Useful information

A Quick Introduction to Kansai Dialect

It's Honma Different from Tokyo!

Standard Japanese is what everyone learns in school, but each region - even down to some cities - have variations in the way they speak Japanese. Kansai-ben - meaning Kansai dialect - is one of the most prominent regional dialects. It is more lilting and melodious - to my mind - than standard Japanese. Here are some Kansai-specific words you might hear during your travels in West Japan:

Ookini - mainly used by older shopkeepers in place of 'arigatou gozaimasu' or 'thank you'

Maido - literally meaning 'each time,' as in 'thank you each time for your continued patronage'

Honma - the Kansai version of 'honto' or 'really'

Akan - used in place of 'ikenai', meaning 'no good' or 'forbidden'

Chau de - an abbreviation of the standard 'chigau yo' meaning 'wrong/different'

More seasoned learners of the Japanese language will eventually be able to distinguish between Osaka-ben and Kyoto-ben. In general, Kyoto-ben is considered more ‘refined’ and elegant; the gentle-sounding polite verb ending ‘teharu’ which is primarily used in Kyoto only contributes to this perception. Osaka-ben, on the other hand, is has a warmer, friendlier feel to it, with a rough edge reflecting the vibrancy and energy of the city. It’s also often spoken at high speed, which is what you hear in famous o-warai (comedy) shows on TV.

Some Japanese people, irritated by the success of Kansai dialect on television, look down on Kansai-ben, calling it uncouth. Oftentimes Japanese people moving to Tokyo from the countryside will attempt to adopt the Tokyo accent and hide their regional accents. However, Kansai people - especially Osakans - are usually quite proud of their dialect and will speak it wherever they are!

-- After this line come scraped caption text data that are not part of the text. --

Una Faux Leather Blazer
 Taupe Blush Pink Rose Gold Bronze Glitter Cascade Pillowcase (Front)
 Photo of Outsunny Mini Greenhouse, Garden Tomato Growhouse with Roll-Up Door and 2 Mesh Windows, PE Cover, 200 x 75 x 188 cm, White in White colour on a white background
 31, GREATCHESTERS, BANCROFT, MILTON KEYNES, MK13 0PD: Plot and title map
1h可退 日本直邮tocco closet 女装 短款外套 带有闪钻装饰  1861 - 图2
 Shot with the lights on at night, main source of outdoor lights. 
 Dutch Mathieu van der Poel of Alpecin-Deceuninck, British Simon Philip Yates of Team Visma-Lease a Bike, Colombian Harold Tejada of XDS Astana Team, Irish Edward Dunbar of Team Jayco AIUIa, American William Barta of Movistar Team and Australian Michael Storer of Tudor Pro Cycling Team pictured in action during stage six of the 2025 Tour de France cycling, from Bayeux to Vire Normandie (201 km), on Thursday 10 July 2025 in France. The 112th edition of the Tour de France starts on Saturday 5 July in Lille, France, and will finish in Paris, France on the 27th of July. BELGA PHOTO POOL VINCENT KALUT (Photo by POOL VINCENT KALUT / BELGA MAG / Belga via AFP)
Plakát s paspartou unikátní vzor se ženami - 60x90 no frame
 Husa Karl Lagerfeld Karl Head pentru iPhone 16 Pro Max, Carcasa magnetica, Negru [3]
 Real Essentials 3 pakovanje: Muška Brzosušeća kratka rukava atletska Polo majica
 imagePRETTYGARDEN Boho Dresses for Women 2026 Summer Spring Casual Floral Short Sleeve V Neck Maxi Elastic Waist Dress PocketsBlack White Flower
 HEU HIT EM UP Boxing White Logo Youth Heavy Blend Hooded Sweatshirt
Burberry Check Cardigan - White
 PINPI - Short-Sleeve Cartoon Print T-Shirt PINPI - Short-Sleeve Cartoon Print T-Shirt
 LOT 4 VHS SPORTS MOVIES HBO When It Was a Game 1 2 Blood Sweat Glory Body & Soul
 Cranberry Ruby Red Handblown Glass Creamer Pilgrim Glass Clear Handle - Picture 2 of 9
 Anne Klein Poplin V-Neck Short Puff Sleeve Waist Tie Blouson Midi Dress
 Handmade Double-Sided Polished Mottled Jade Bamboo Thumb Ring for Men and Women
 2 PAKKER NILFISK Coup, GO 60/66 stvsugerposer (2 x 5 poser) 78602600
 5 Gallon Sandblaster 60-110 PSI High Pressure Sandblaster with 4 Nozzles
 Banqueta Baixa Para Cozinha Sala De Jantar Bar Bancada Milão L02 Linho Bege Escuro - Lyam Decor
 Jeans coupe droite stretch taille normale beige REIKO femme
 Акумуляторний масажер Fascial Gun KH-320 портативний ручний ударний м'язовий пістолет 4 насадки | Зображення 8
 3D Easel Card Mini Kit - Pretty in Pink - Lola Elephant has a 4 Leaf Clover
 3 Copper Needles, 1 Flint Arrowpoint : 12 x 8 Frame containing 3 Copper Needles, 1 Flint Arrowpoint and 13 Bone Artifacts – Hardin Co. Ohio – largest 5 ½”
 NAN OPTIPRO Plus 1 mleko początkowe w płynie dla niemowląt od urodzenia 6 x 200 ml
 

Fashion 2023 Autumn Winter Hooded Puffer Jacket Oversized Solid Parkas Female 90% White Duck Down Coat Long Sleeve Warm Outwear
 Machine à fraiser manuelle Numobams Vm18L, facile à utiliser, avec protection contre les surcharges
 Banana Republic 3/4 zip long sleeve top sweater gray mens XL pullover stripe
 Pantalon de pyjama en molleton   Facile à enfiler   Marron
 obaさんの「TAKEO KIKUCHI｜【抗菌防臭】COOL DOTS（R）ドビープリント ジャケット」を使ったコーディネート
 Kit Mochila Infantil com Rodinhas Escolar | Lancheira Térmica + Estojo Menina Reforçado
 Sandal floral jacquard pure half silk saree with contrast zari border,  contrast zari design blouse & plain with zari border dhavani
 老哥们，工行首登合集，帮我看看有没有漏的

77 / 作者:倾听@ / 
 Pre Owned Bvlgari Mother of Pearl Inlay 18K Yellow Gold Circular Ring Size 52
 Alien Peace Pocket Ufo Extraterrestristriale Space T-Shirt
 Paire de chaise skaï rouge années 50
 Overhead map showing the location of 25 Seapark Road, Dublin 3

I recommend checking out a detailed discussion of Kansai dialect:

http://japanese.stackexchange.com/questions/367/what-are-the-main-differences-between-%E4%BA%AC%E9%83%BD%E5%BC%81kyoto-ben-and-%E5%A4%A7%E9%98%AA%E5%BC%81osaka-ben

written by
Flory

I live in Kyoto and think incessantly about food, both making and eating it. You can find my occasional musings about food at furochan.wordpress.com. Or more often showing you the places I've been to and what I've eaten on Instagram @furochan_eats. Yoroshiku!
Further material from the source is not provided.